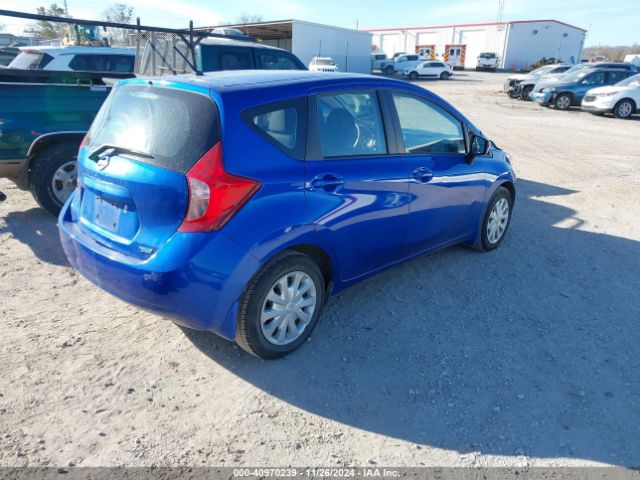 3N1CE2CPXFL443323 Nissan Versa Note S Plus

---

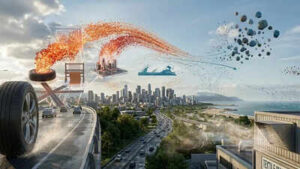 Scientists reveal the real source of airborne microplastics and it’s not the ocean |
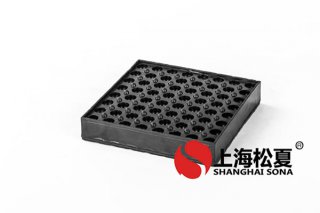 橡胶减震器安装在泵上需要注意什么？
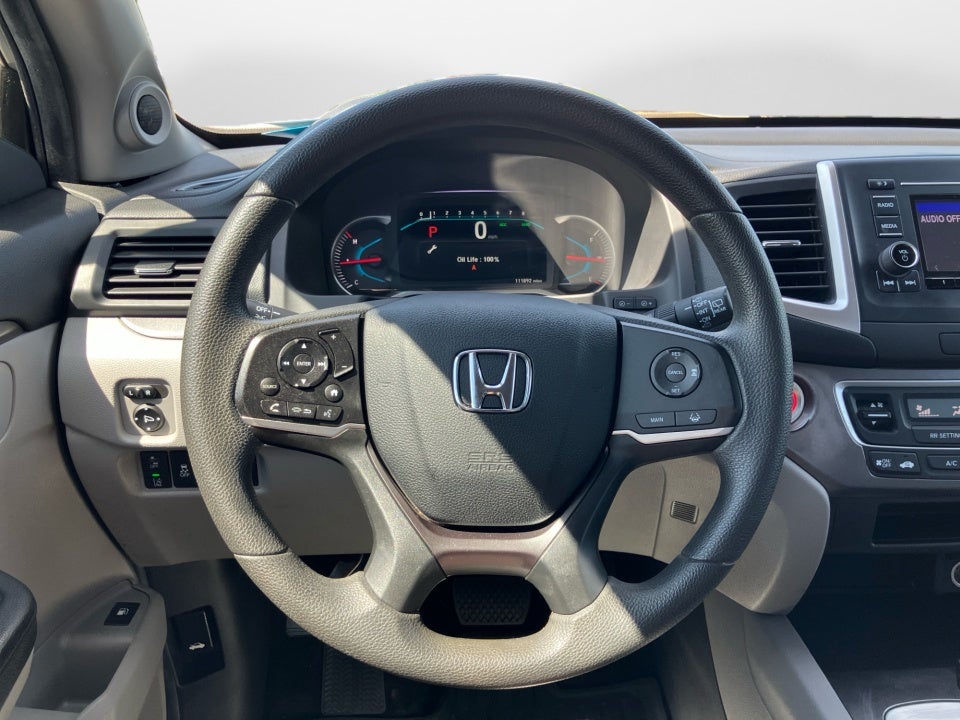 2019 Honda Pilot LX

• The task: Start at the line above containing "Scientists reveal the" and stop at the line containing "2019 Honda Pilot LX": print those lines and everything between them exactly, but not the pictures.

• Exercise answer:
 Scientists reveal the real source of airborne microplastics and it’s not the ocean |
 橡胶减震器安装在泵上需要注意什么？
 2019 Honda Pilot LX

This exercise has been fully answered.